** Task details **
Print the entries verbatim, leaving out the images they contain.

────────

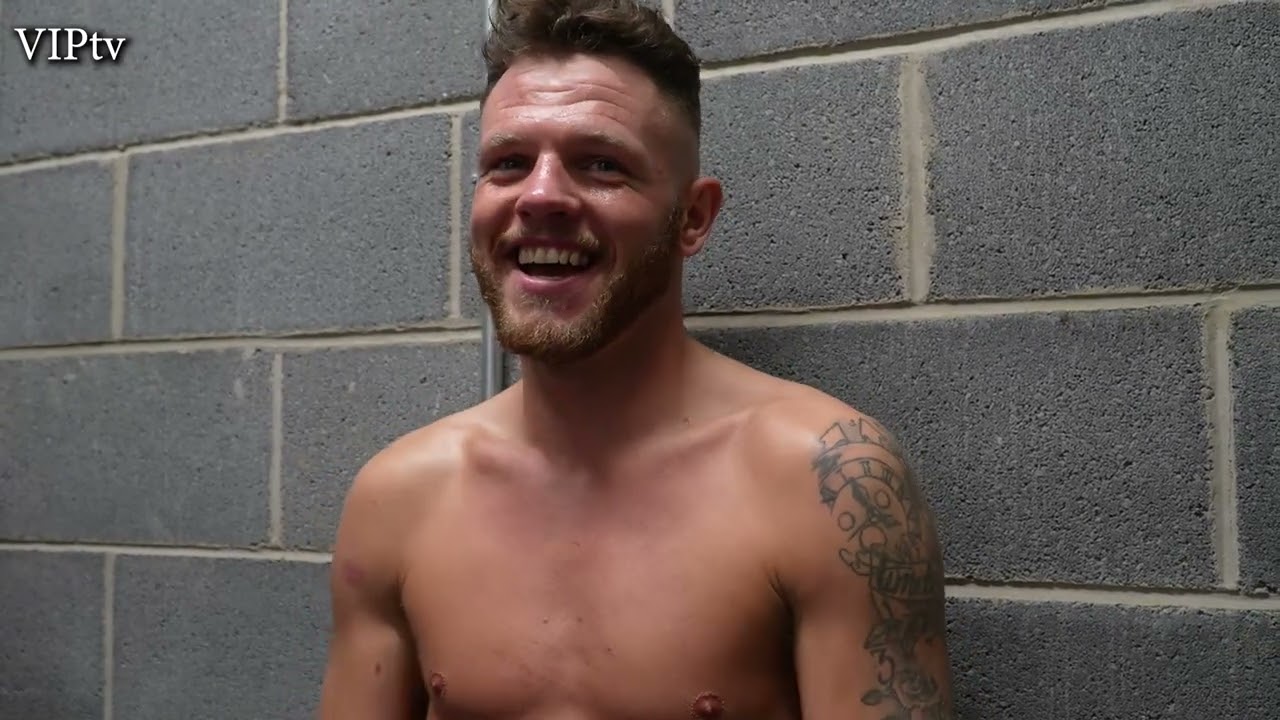 Sunderland's light MiddleweightTravis Waters get his 1st stoppage and win No2 on away trip to Bolton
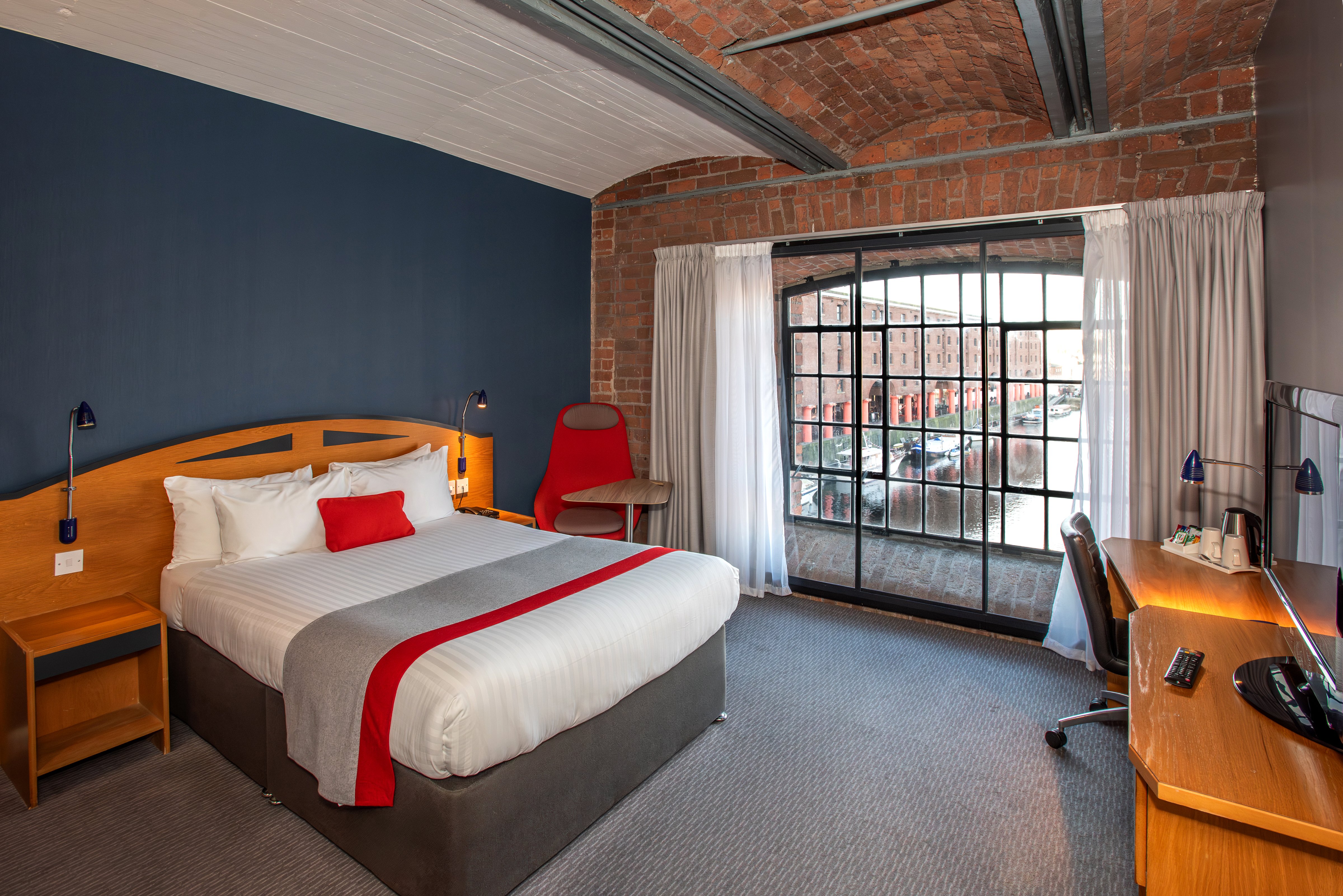 Holiday Inn Express Liverpool Royal Albert Dock 24/76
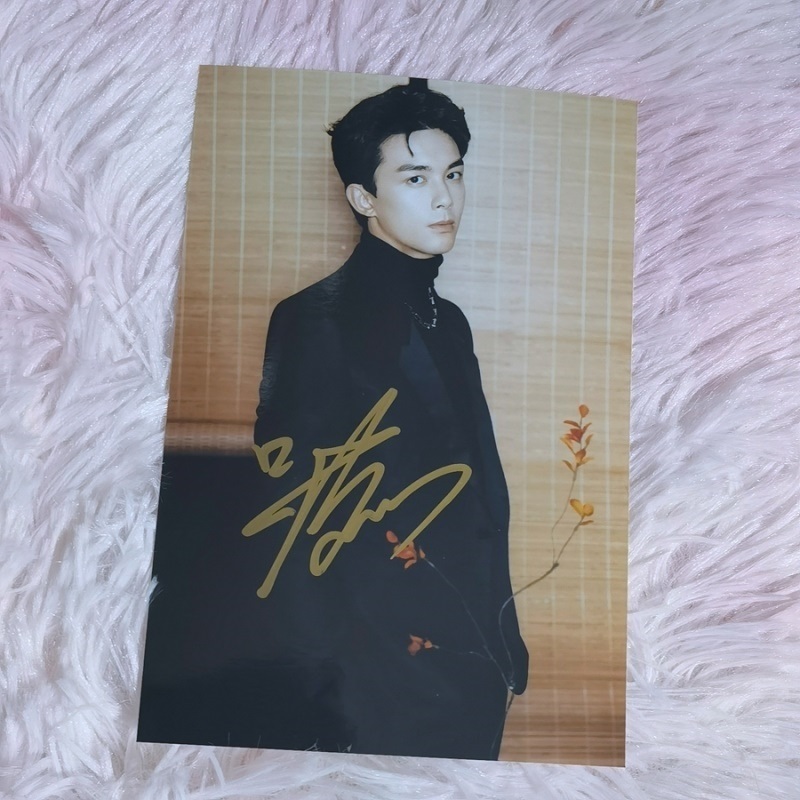 Pre - รูปถ่ายที่มีลายเซ็น WuLei #อู๋เหลย 6 นิ้ว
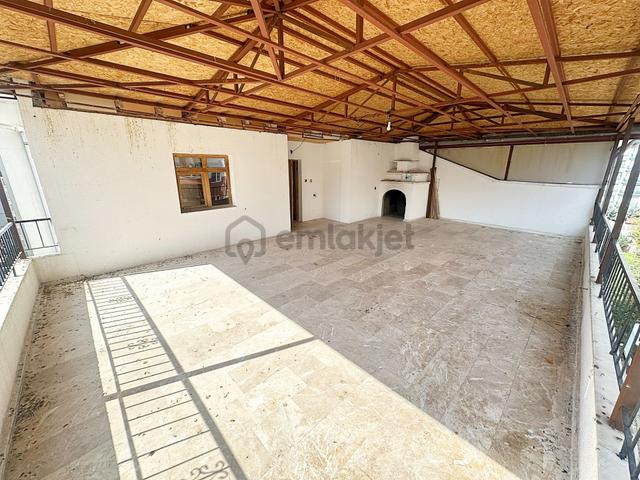 Cihandan Barıştepe Mah Erolkaya Cad Paralel Kapalı Teras 5+1 3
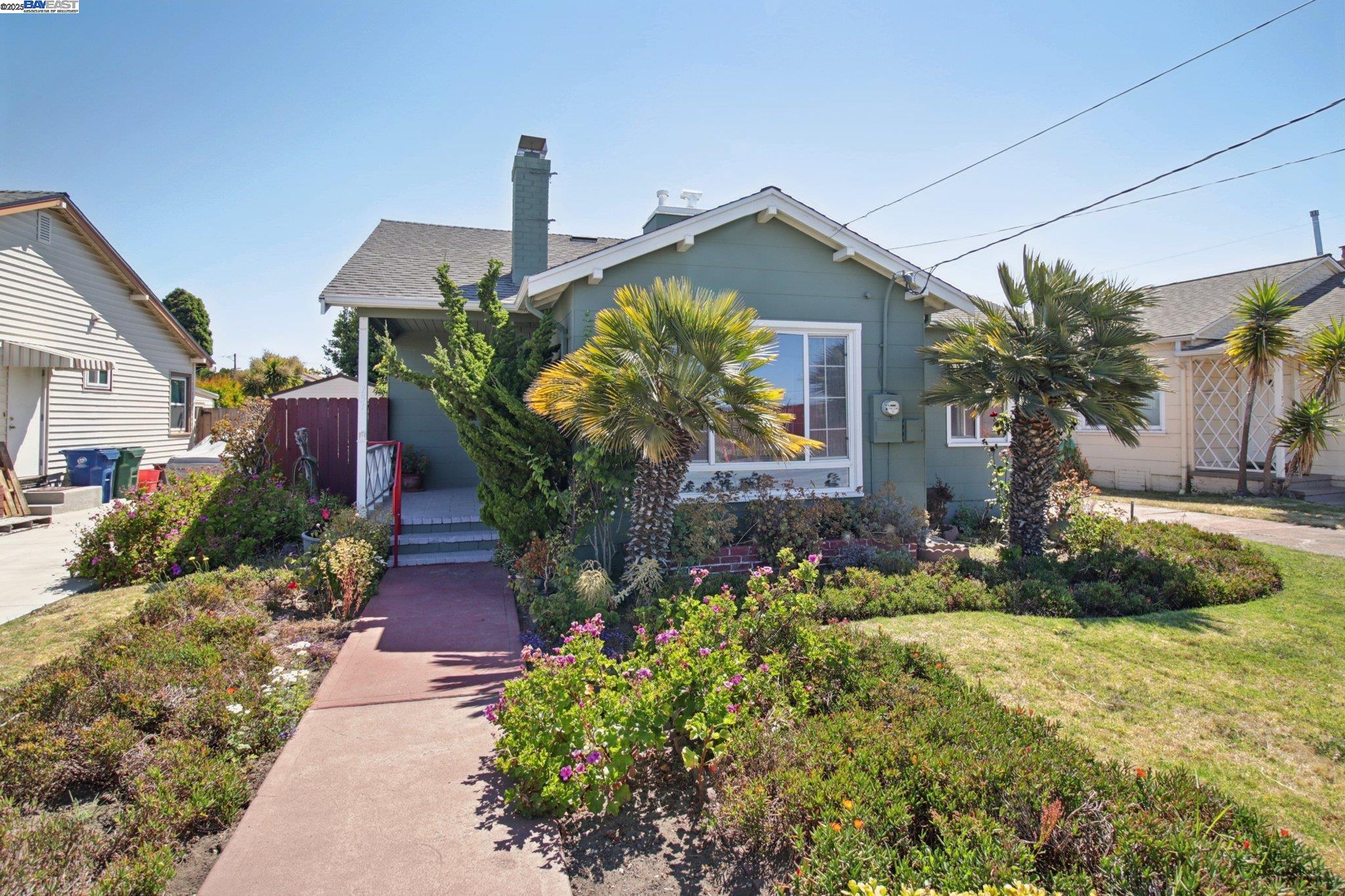 Detail Gallery Image 1 of 42 For 151 Central Ave, Alameda,  CA 94501 - 3 Beds | 1 Baths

────────

** Exercise response **
 Sunderland's light MiddleweightTravis Waters get his 1st stoppage and win No2 on away trip to Bolton
 Holiday Inn Express Liverpool Royal Albert Dock 24/76
 Pre - รูปถ่ายที่มีลายเซ็น WuLei #อู๋เหลย 6 นิ้ว
 Cihandan Barıştepe Mah Erolkaya Cad Paralel Kapalı Teras 5+1 3
 Detail Gallery Image 1 of 42 For 151 Central Ave, Alameda,  CA 94501 - 3 Beds | 1 Baths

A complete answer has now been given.